De Raad kan gedaagde hierin niet volgen. Het CMD is
blijkens de gemeenschappelijke regeling gevestigd te
Waalwijk en heeft één (algemeen en dagelijks) bestuur
en één directeur. Het algemeen bestuur stelt - in
overleg met de directeur - het leerplan vast, terwijl
de directeur het rooster van lesuren in
overeenstemming met het leerplan vaststelt;
administratie en financieel beheer vinden centraal
plaats in Waalwijk. Het dagelijks bestuur regelt
aanstelling, schorsing en ontslag van de docenten bij
het CMD. Appellante is laatstelijk in 1980 aangesteld
als docente klassiek ballet zonder dat daarbij een
specifieke plaats van tewerkstelling is aangegeven;
wijziging van die aanstelling heeft nadien niet
plaatsgevonden.
Namens gedaagde is aanvankelijk gesteld dat appellante
steeds uitsluitend in Drunen heeft lesgegeven.
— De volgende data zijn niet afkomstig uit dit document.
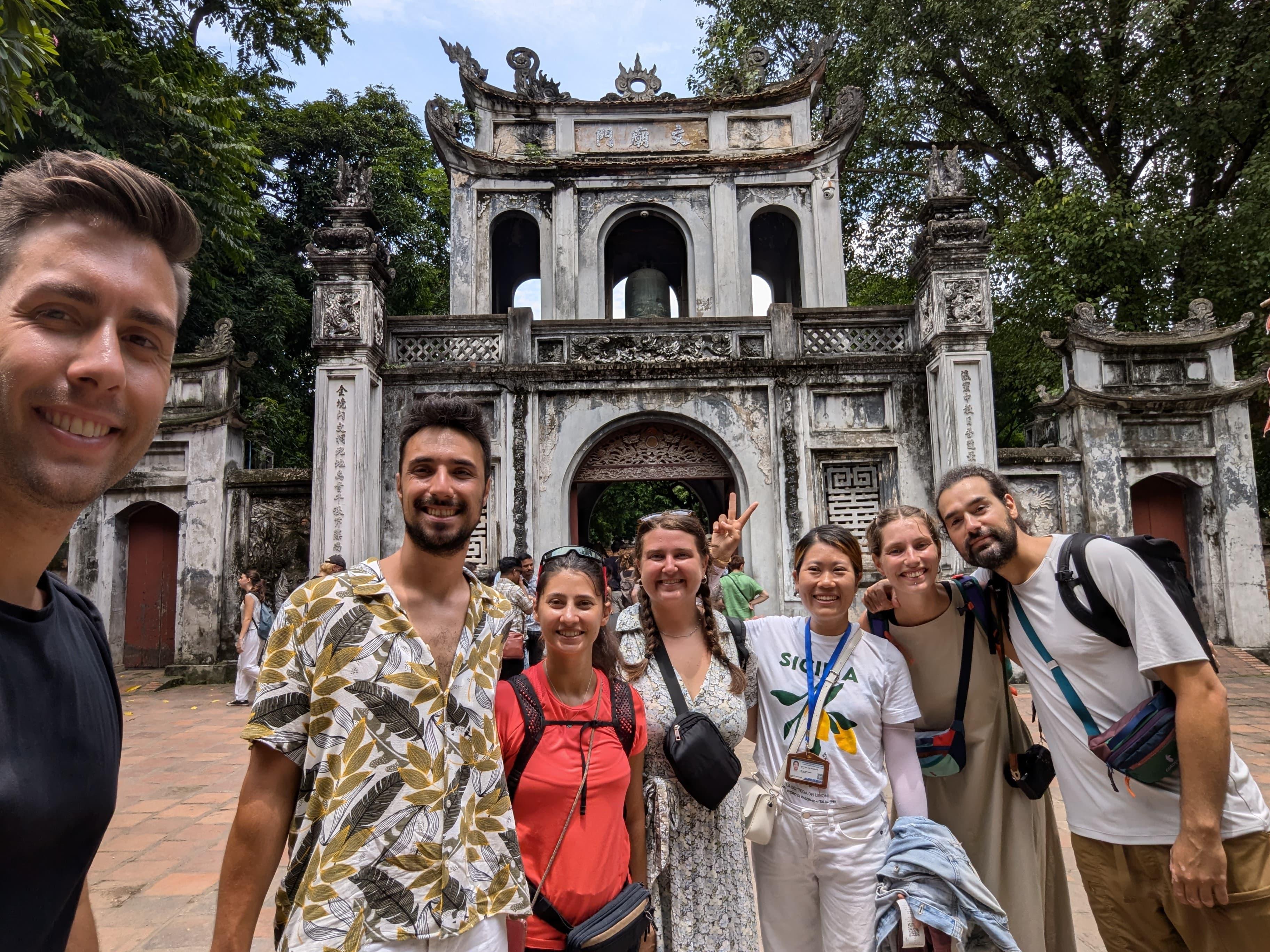 Gruppo di giovani viaggiatori davanti alla porta del Tempio della Letteratura, ad Hanoi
Uit de
gedingstukken en het verhandelde ter zitting is echter
gebleken dat appellante ook lessen klassiek ballet in
Waalwijk heeft gegeven en voorts, dat zij daar
regelmatig met haar collega-docente balletuitvoeringen
voor het CMD gaf.
Gelet op al het vorenstaande is de Raad van oordeel
dat met betrekking tot het onderdeel klassiek ballet
te Drunen van de sector dansante vorming van het CDM
niet is gebleken van een zodanig organisatorisch
zelfstandig dienstonderdeel/dienstvak dat gedaagdes
beslissing dat onderdeel te doen verdwijnen tevens zou
inhouden dat de betrekking van appellante zou zijn
opgeheven. Uitgaande van de gehele sector klassiek
ballet van het CMD houdt dit in een vermindering van
functie-omvang als bedoeld in het tweede lid van het
hiervoor omschreven artikel H 7, inclusief de daarbij
geregelde afvloeiingsvolgorde.
Het vorenoverwogene houdt in dat het bestreden besluit
en de aangevallen uitspraak niet in stand kunnen
blijven.
Door en namens appellante is verzocht om de
rechtsgevolgen van het vernietigde besluit van 16 juni
- 1994.
geheel of gedeeltelijk in stand te laten, zulks
met toekenning van een schadevergoeding.
De Raad ziet echter, mede gelet op hetgeen namens
gedaagde dienaangaande is verklaard, in de gegeven
omstandigheden onvoldoende grond voor toepassing van
artikel 8:72, derde lid, van de Algemene wet
bestuursrecht (Awb).
Voorts acht hij, nu moet worden vastgesteld dat aan
het primaire ontslagbesluit hetzelfde gebrek kleeft
als aan het bestreden besluit, termen aanwezig om met
toepassing van artikel 8:72, vierde lid, van de Awb
ook het besluit van 24 januari 1994 te vernietigen.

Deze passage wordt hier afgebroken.